Castello offrit son bras à Éliane qui, toujours accompagnée de Lucia, pénétra dans le salon.

Tout d’abord, le salon parut un peu sombre, contrastant avec la salle à manger, si vivement éclairée, parceque seuls, les poêles électriques étaient allumée ; mais bientôt la pièce fut inondée de flots lumineux.

On se souvient de ce salon, où, comme l’avait dit Castello, Éliane lui était apparue deux fois, au sommet du rocher formant un mur incomplet entre les deux parties de la caverne : celle qui était habitée et celle qui ne l’était pas ?

Tout à coup, Éliane porta la main à son cœur et une exclamation de surprise s’échappa de ses lèvres… C’est que, au sommet du rocher où elle était apparue à Castello deux fois, était un ange, les ailes étendues… Un ange en marbre blanc… un ange grand comme Éliane, dont les traits avaient beaucoup de ressemblance avec ceux de la jeune fille.

« Oh ! » s’écria Éliane, les yeux fixés sur la statue.

« C’est l’Ange de la Caverne, Mlle  Lecour, » dit Castello, d’une voix tremblante. « Qu’en pensez-vous ? »

— « Mais… » murmura Éliane, ne sachant vraiment que répondre.

— « C’est ainsi que vous m’êtes apparue, par deux fois, au sommet de ce mur, » murmura, à son tour, Castello. « Voyez les mains de l’Ange cramponnées aux portières… Oui, c’est bien cela !… N’est-il pas magnifique l’Ange de la Caverne, Mlle Éliane ? »

— « Magnifique, en effet ; c’est un véritable chef-d’œuvre… Mais… pourquoi avez-vous… »

À ce moment, on frappa à la porte du salon et Goliath entra, demandant à Castello la permission de l’entretenir en particulier. Castello s’excusa et il sortit, laissant Éliane seule avec Lucia.
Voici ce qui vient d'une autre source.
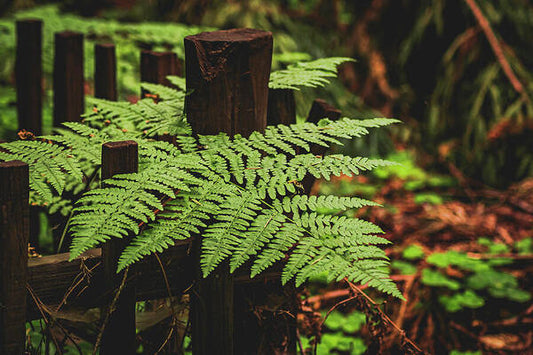 Fern Leaves on Wooden Fence - Art Print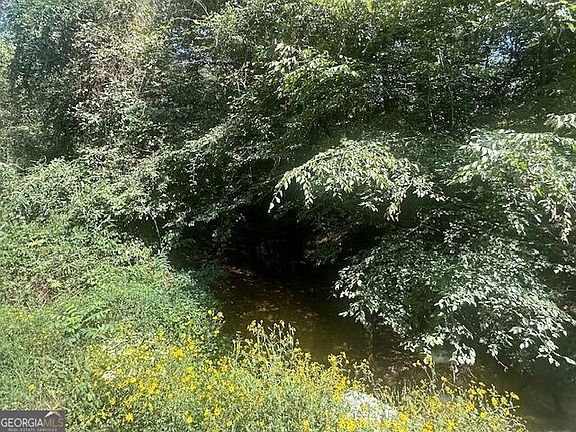 2nd image of 0 Millen Rd Tract 21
Lucia s’étendit sur un canapé, elle ouvrit un livre et se mit à lire. Éliane jeta un coup d’œil sur le mur servant de piédestal à l’Ange de la Caverne et elle vit que Castello avait pris d’infinies précautions pour la retenir captive dans la grotte… Car, le mur, surmonté de la statue, qui, autrefois était muni de marches naturelles, était lisse comme une glace… Les échelons avaient disparu… maintenant, escalader ce rocher serait chose impossible…

Oui, Éliane le comprit tout à coup : elle était prisonnière dans la caverne !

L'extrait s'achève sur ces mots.